On 9/7/23 12:53, Peter Zijlstra wrote:
> On Thu, Sep 07, 2023 at 08:48:08AM +0100, Lukasz Luba wrote:
>
>>> Hehe. That's because they're not really periodic ;-)
>>
>> They are periodic in a sense, they wake up every 16ms, but sometimes
>> they have more work. It depends what is currently going in the game
>> and/or sometimes the data locality (might not be in cache).
>>
>> Although, that's for games, other workloads like youtube play or this
>> one 'Yahoo browser' (from your example) are more 'predictable' (after
>> the start up period). And I really like the potential energy saving
>> there :)
>
> So everything media is fundamentally periodic, you're hard tied to the
> framerate / audio-buffer size etc..
Agree
>
> Also note that the traditional periodic task model from the real-time
> community has the notion of WCET, which completely covers this
> fluctuation in frame-to-frame work, it only considers the absolute worst
> case.
That's good point, the WCET here.

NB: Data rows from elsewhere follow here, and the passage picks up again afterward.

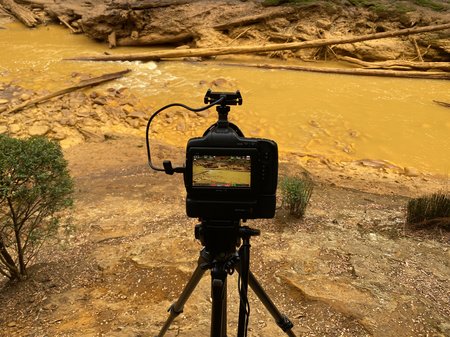A photo of a camera in front of a stream, credit Polly Stanton.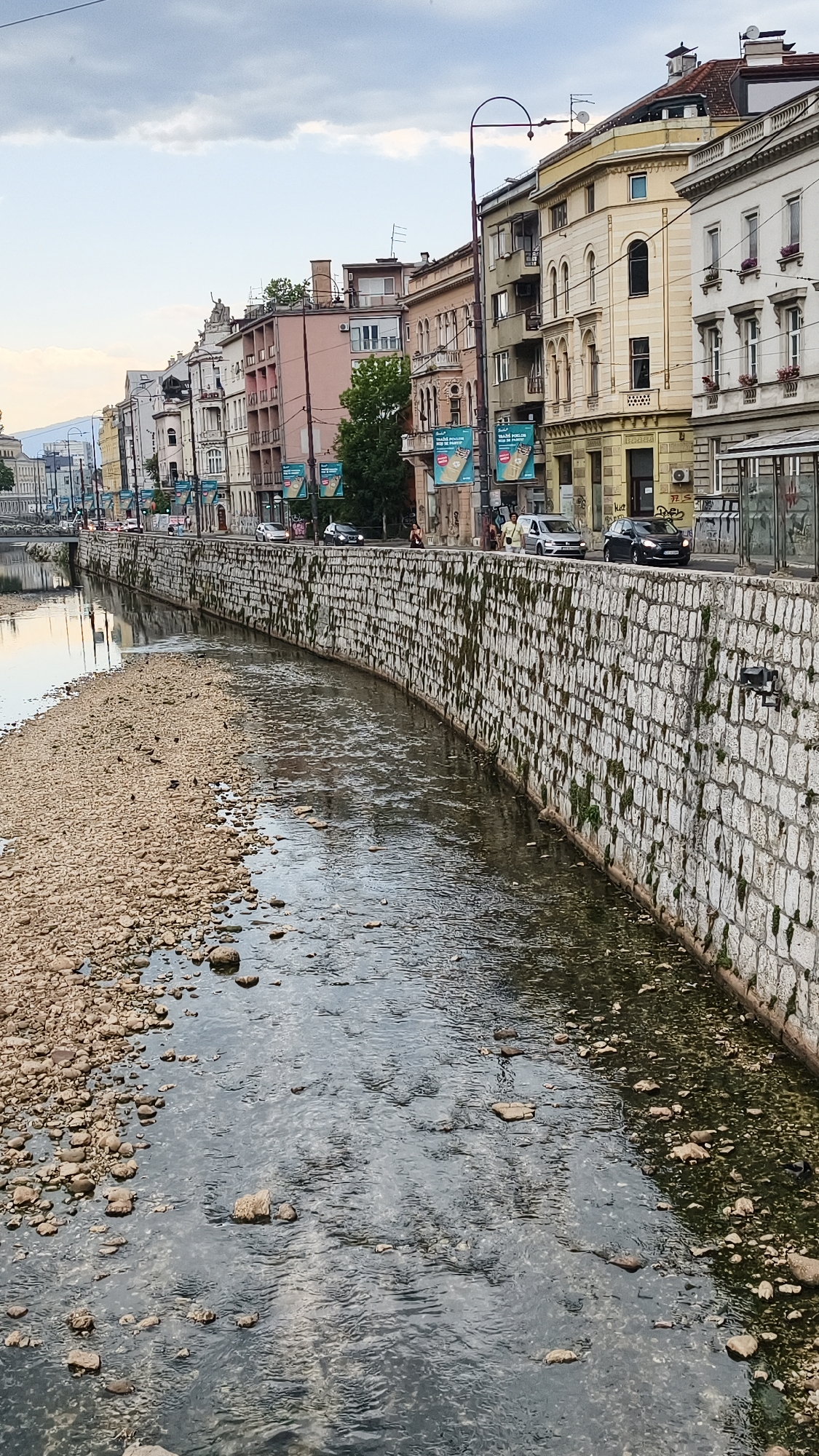 The image shows a view of the Miljacka River in Sarajevo, Bosnia and Herzegovina, with a stone embankment and buildings lining the opposite bank. The riverbed is partially exposed, with rocks and pebbles visible. On the embankment, there is a stone wall with moss and greenery growing on it. Above the wall, a street is lined with multi-story buildings with a mix of architectural styles. Several cars are visible on the street, and pedestrians are walking along the sidewalk. The sky is overcast. The overall impression is an urban scene with historical architecture along a river.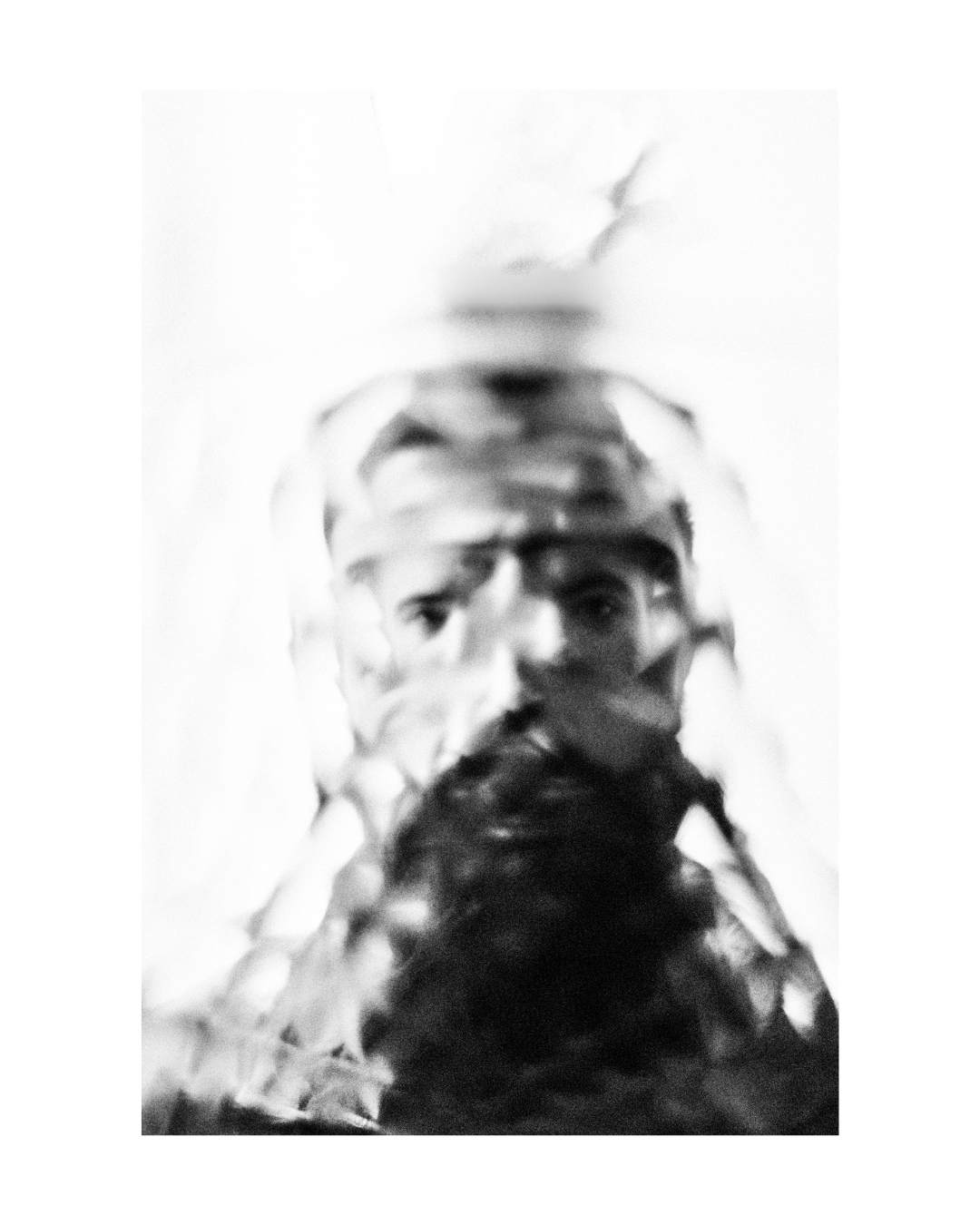 A figure with an obscured face against a pale background, in black and white.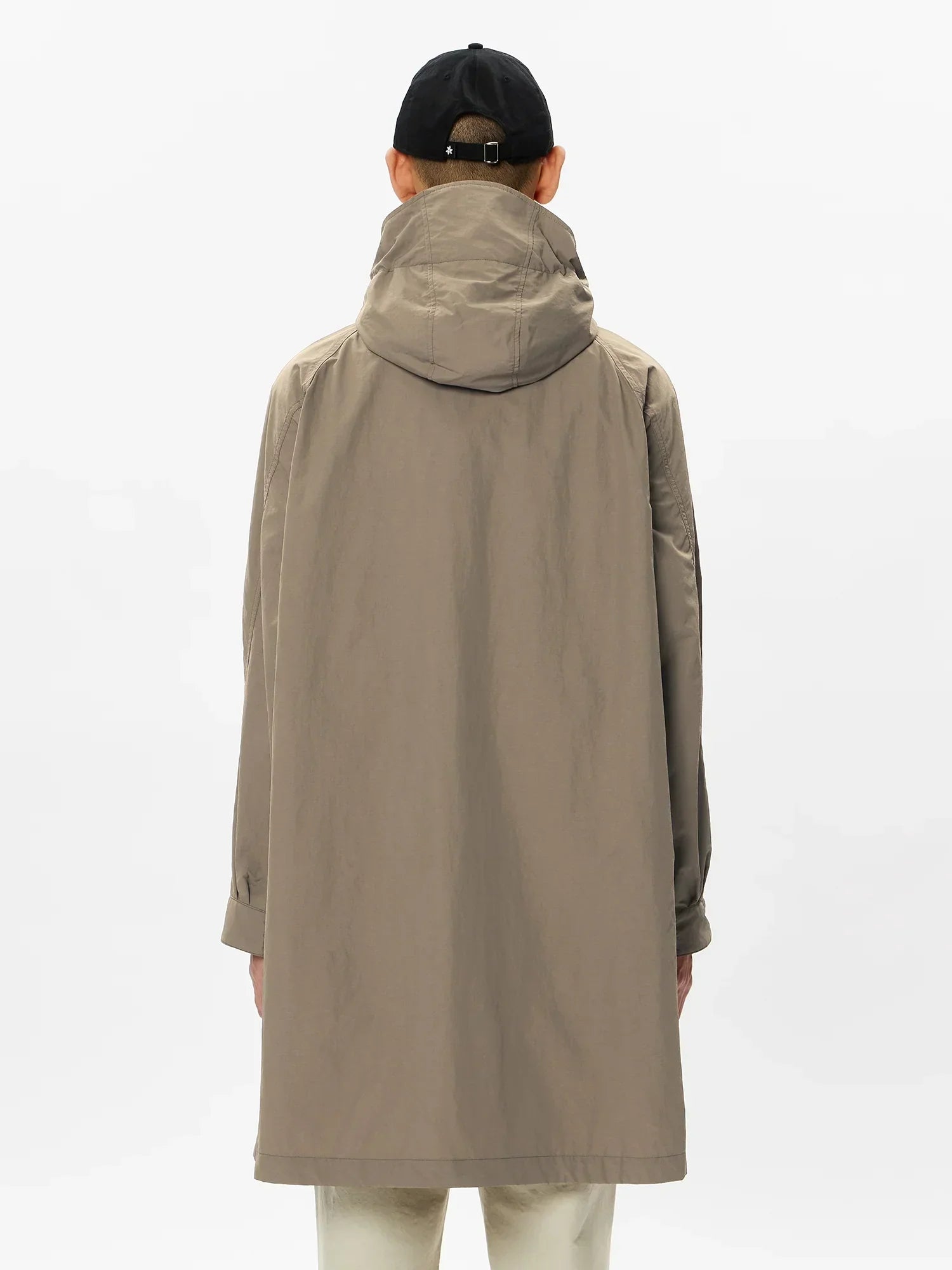 Back view of person wearing beige hooded long coat and black cap against white background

IMO shorter PELT e.g. 8ms allows us
to 'see' a bit more that information: the worst case in fluctuation of
a particular task. Then this 'seen' value is maintained in util_est
for a while. That's why (probably) I see a better 95-, 99-percentile
numbers for frames rendering time.
>
> Now, practically, that stinks, esp. when you care about batteries, but
> it does not mean these tasks are not periodic.
Totally agree they are periodic.
>
> Many extentions to the periodic task model are possible, including
> things like average runtime with bursts etc.. all have their trade-offs.
Was that maybe proposed somewhere on LKML (the other models)?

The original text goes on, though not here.